2011年11月3日木曜日

アメリカ政府の「80キロ圏内」避難勧告と日本政府の不作為的犯罪行為

【ただちに危険だ! 原発通信】№20

詳細でわかりやすい放射能汚染地図をつくり、文科省より早く一般公開したのが群馬大学の早川由紀夫教授である。

そんな早川さんのブログやツイッターをあれこれ検索していて、「福島第一原発から漏れた放射能の広がり」
という地図を見て、はっと思った。

http://ow.ly/i/aAV3/original

この地図は福島第一原発を基点に、半径20キロの単位で円周線が記されている。これくらいの距離、放射性物質が飛散しましたよ、という目安だ。

そして、80キロの円周線を見ていると、二番目に濃厚な汚染地域を示した地域と近接しているではないか。そうか、とここではっとしたのだ。

3月17日アメリカ政府が自国民に福島第一原発80キロ圏内からの避難勧告を出した「80」の根拠はここにあったんだ。ぼくは当時、アメリカ政府の「80キロ圏内」というその数値がふしぎでならなかった。なぜ、「80キロ」なんだと。「80」は意味ありげではないか。

この80キロ圏内からの避難勧告はアメリカだけではなく、イギリス、オーストラリア、韓国政府も出している。いまこの地図を見ながら考えると、これらの外国政府は放射能汚染地域を掌握して、それに基づいて自国民に適切な避難勧告を出していることがわかる。
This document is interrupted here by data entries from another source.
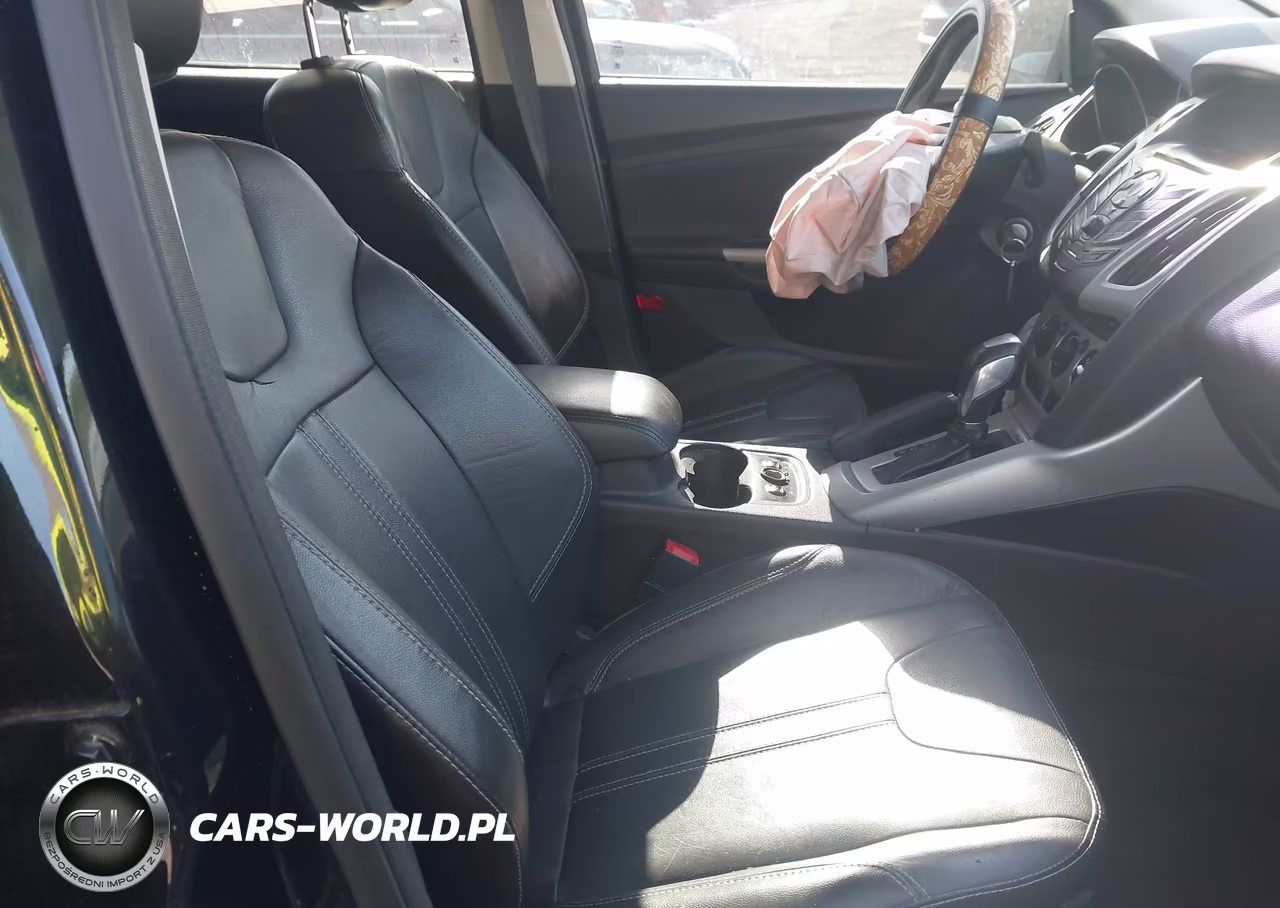 2014 Ford Focus Se VIN:1FADP3F29EL446795 - 5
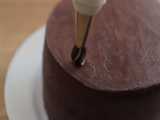 طرز تهیه کیک شکلاتی اریو در خانه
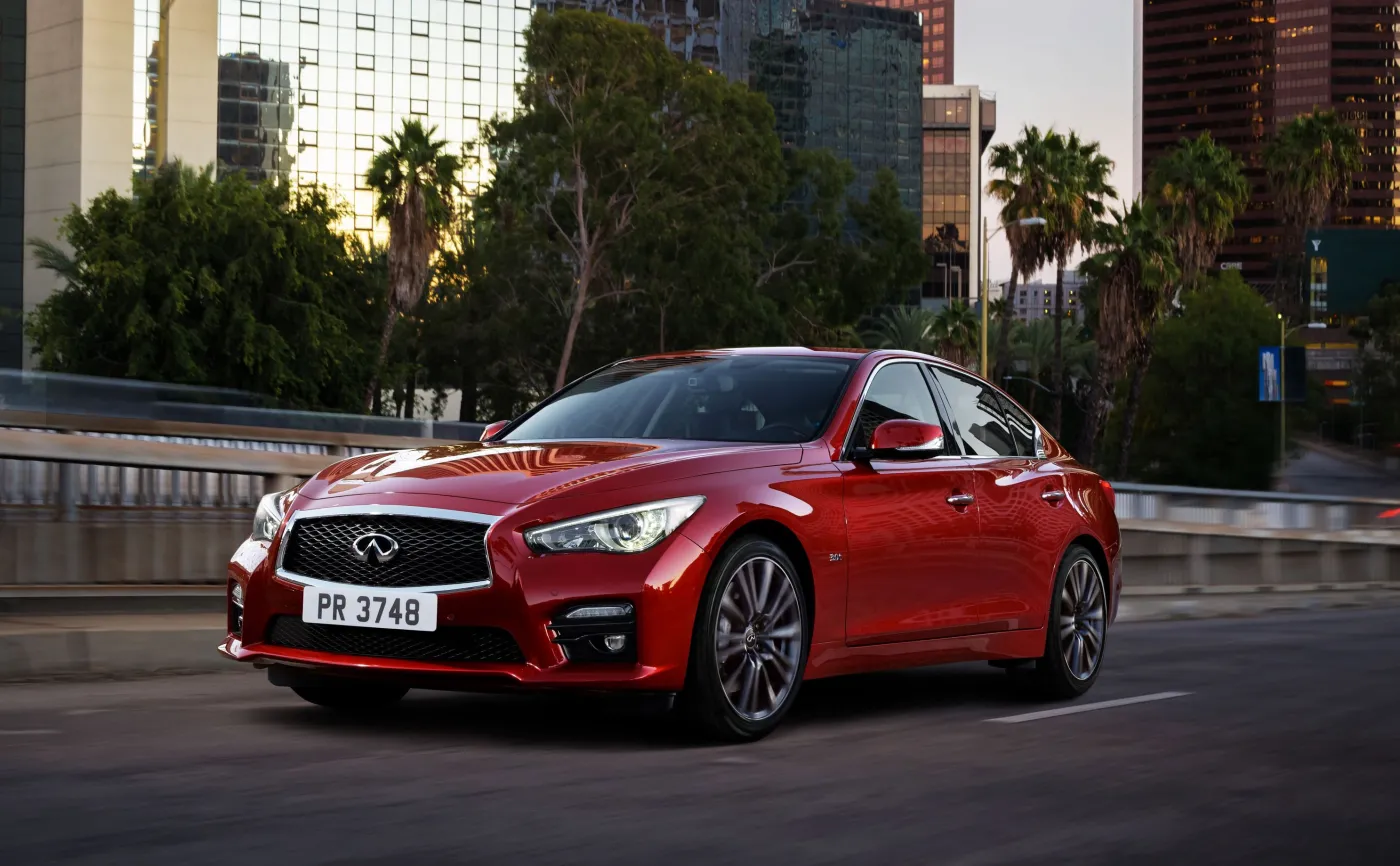 Infiniti Q50 2016 z nowym silnikiem benzynowymi V6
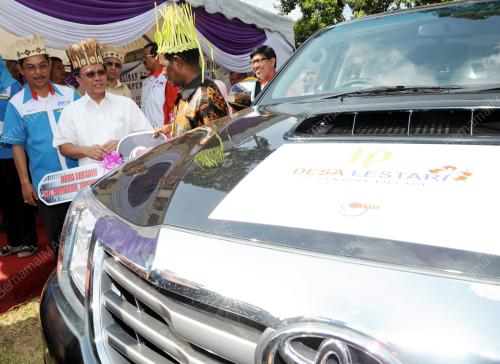 DATUK SERI MOHD SHAFIE APDAL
当然、日本政府も放射能汚染地域を掌握していた。しかし当時、日本政府が出した指示は、20キロ圏内の住民への避難、半径20キロ以上30キロ以内は屋内退避である。

日本政府がとった対応は、なんとマヌケで、不適切で、悪意さえ感じられる。なぜこの国の政府は、外国政府のような80キロ圏内からの避難指示を出さなかったのか。

それは福島県200万人、そして東日本3000万人のパニックを恐れてのことだろう。政府が住民のパニックを恐れるということは、なにも住民の身を思いやってのことではない。それはパニックが起これば、日本国政府が危機に瀕するからである。自分たちに被害がおよぶのを避けるために、20キロ圏外の放射能汚染地域住民を見殺しにしたのだ。

以上は筆者であるぼくの「憶測」が加味されている。ノンフィクションを書く身として、「憶測」はいけない。だけど外国政府のとった避難勧告、それに朝日新聞連載の「プロメテウスの罠」を読むだけで、この「憶測」には「合理性」があることが裏付けられるだろう。

原子爆弾を積んだアメリカ軍機が長崎に向かっていることを日本軍上層部は原爆投下の5時間前にキャッチしていた。
にもかかわらず、住民にそれをいっさい報せることはしなかった。

この日本軍上層部の不作為的犯罪行為と、このたびの福島第一原発事故への日本政府の住民への対応は通低している。この国の政府指導者は、一貫して国民を見棄てる政策をとりつづけている。そのことが、このたびの福島原発事故であらわになった。

ウルトラブラック東電を筆頭とする各電力会社と政治家、経産省、原発関連産業などの原発利権集団をふくむ政府支配者に、ぼくたちはどういう対応をとればいいのだろうか。ぼくたち市民は、日々刻々と健康と生命をおびやかすエッジへと追いやられている。もはや、沈黙は死を意味するだろう。